The entries are to be written out word for word, with their images left out.
+++ Record excerpts
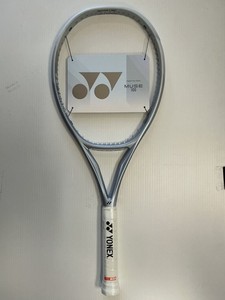 Yonex Muse | eBay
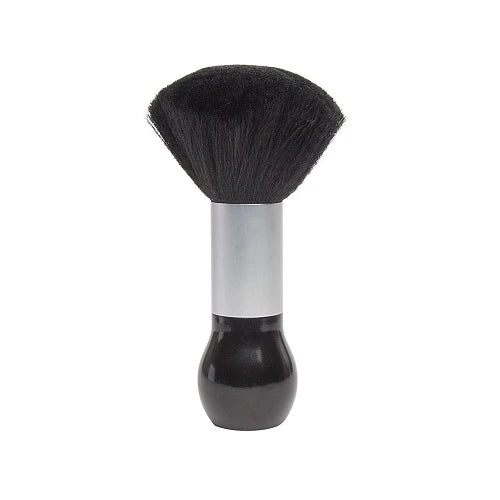 Diane Neck Duster Large 7.5"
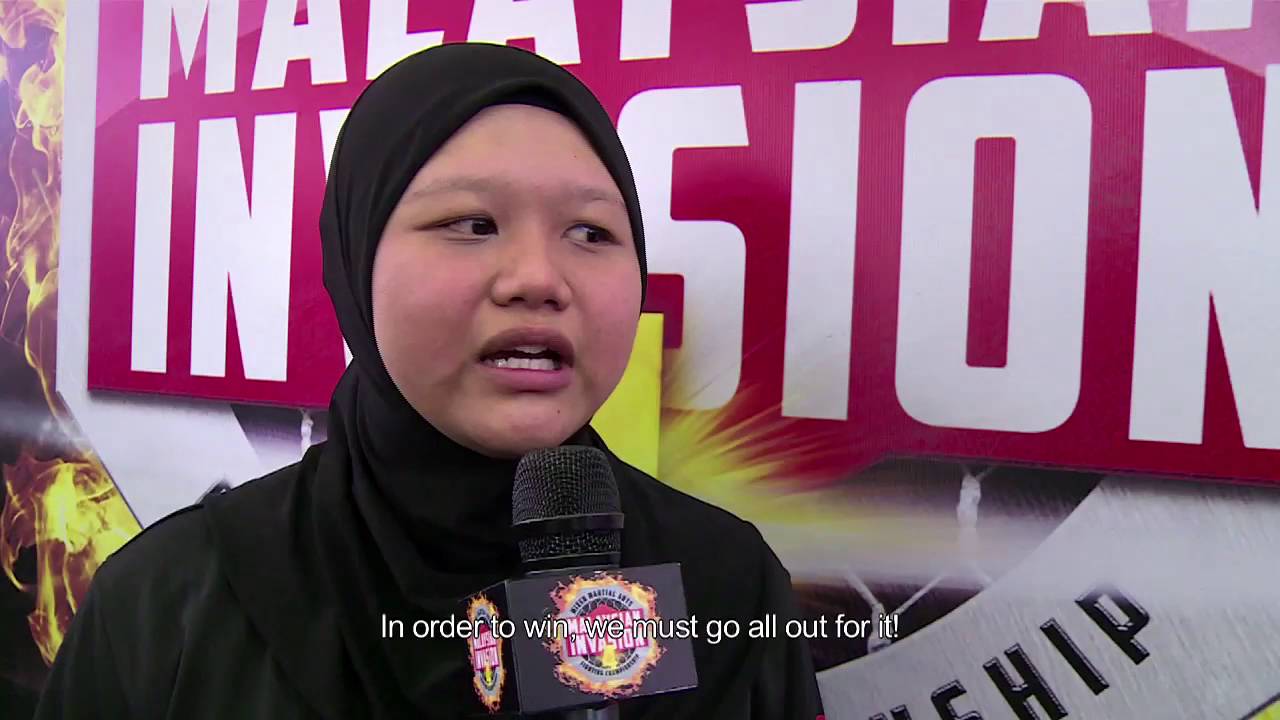 Tune Talk : #MIMMA4 Episode 1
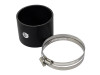 aFe POWER Universal Products Coupler Kit 3-3/4in ID x 3 in L - Black - 59-00220 Photo - Primary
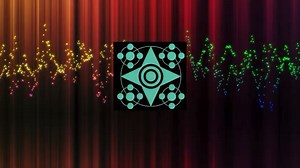 Candida Albicans 1 Candidiasis - Rife Frequencies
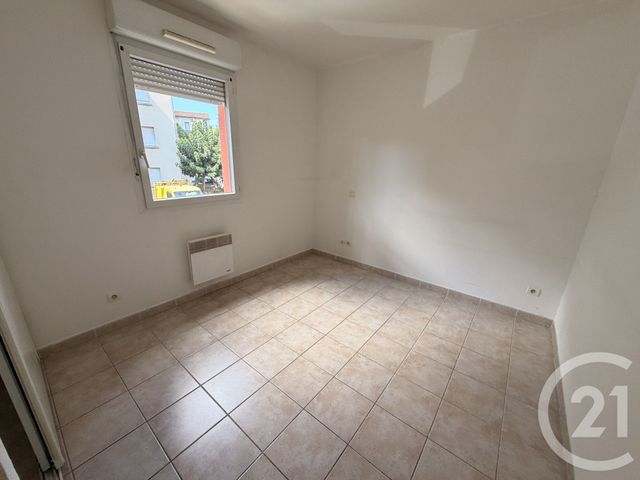 Appartement F3 à vendre - 3 pièces - 59.01 m2 - ALES - 30 - LANGUEDOC-ROUSSILLON - Century 21 Impact Immobilier
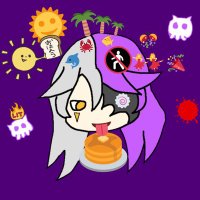 ᑎᗩᖇƳ (@nary_main) 's Twitter Profile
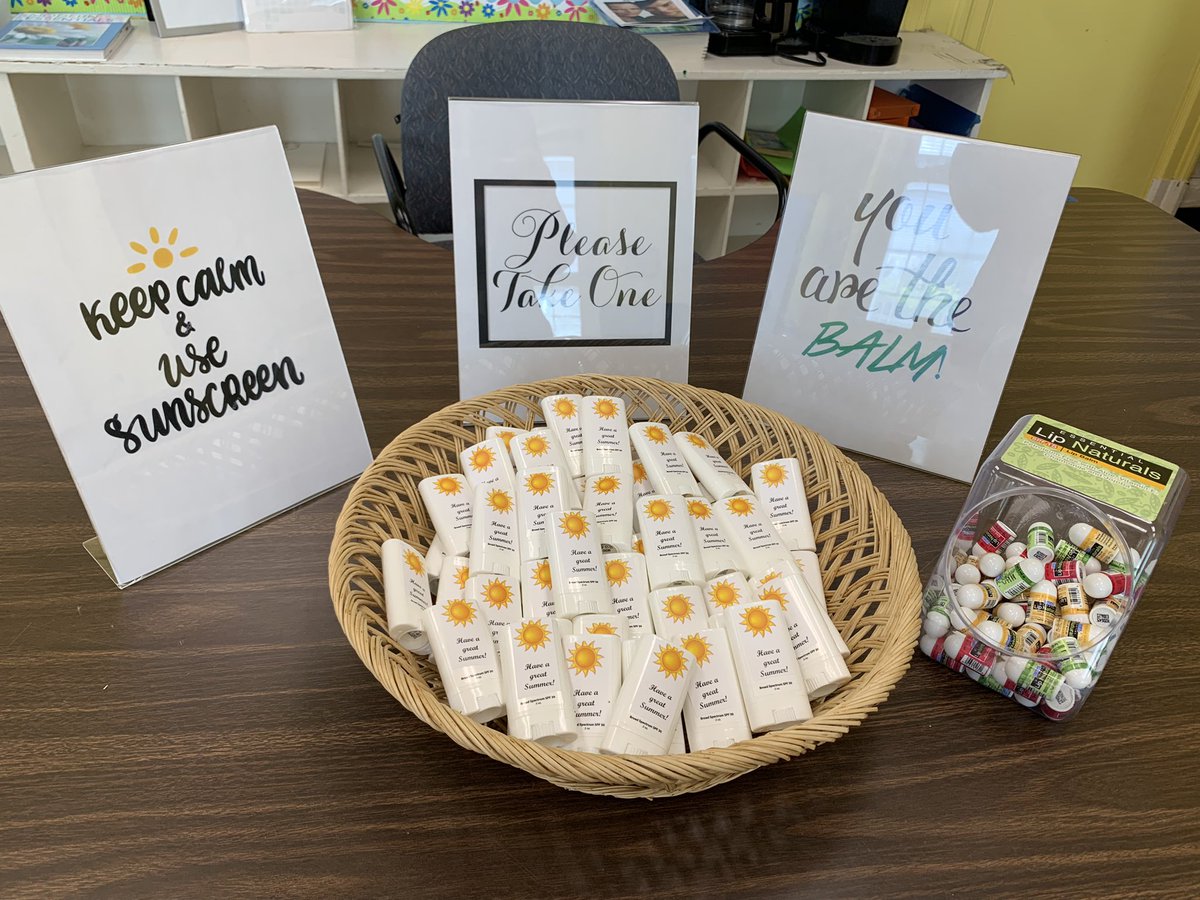 Wellness Wednesday <a href="/DrJanetGonzalez/">Dr. Janet Gonzalez</a> <a href="/mrtolipano/">Dominick Tolipano</a>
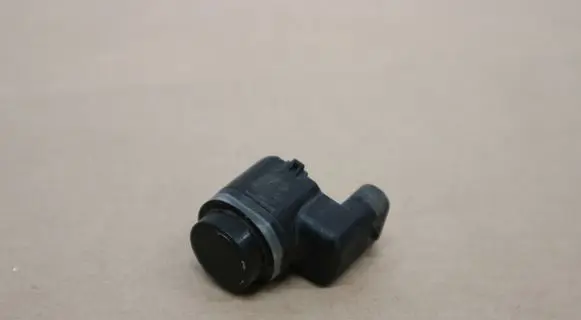Ford S-MAX Parking PDC sensor 8A6J15K859AA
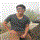 Kapil Jurel
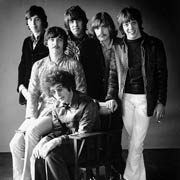 Procol Harum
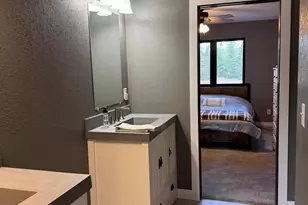 26575 US-71, Park Rapids, MN 56470 - Photo 32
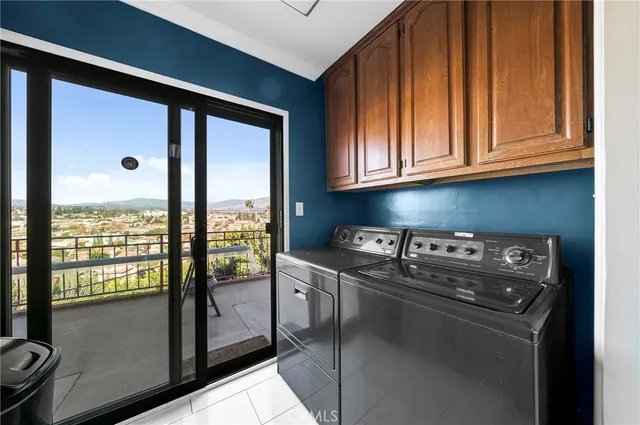 $1,200,000 | 617 South Bradshawe Avenue, Monterey Park, CA 91754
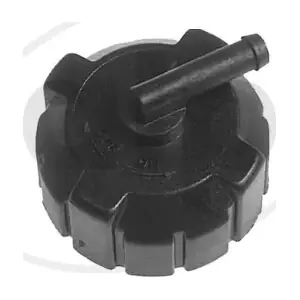 alp ALP-001309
++++++
Response below:
 Yonex Muse | eBay
 Diane Neck Duster Large 7.5"
 Tune Talk : #MIMMA4 Episode 1
 aFe POWER Universal Products Coupler Kit 3-3/4in ID x 3 in L - Black - 59-00220 Photo - Primary
 Candida Albicans 1 Candidiasis - Rife Frequencies
 Appartement F3 à vendre - 3 pièces - 59.01 m2 - ALES - 30 - LANGUEDOC-ROUSSILLON - Century 21 Impact Immobilier
 ᑎᗩᖇƳ (@nary_main) 's Twitter Profile
 Wellness Wednesday <a href="/DrJanetGonzalez/">Dr. Janet Gonzalez</a> <a href="/mrtolipano/">Dominick Tolipano</a>
Ford S-MAX Parking PDC sensor 8A6J15K859AA
 Kapil Jurel
 Procol Harum
 26575 US-71, Park Rapids, MN 56470 - Photo 32
 $1,200,000 | 617 South Bradshawe Avenue, Monterey Park, CA 91754
 alp ALP-001309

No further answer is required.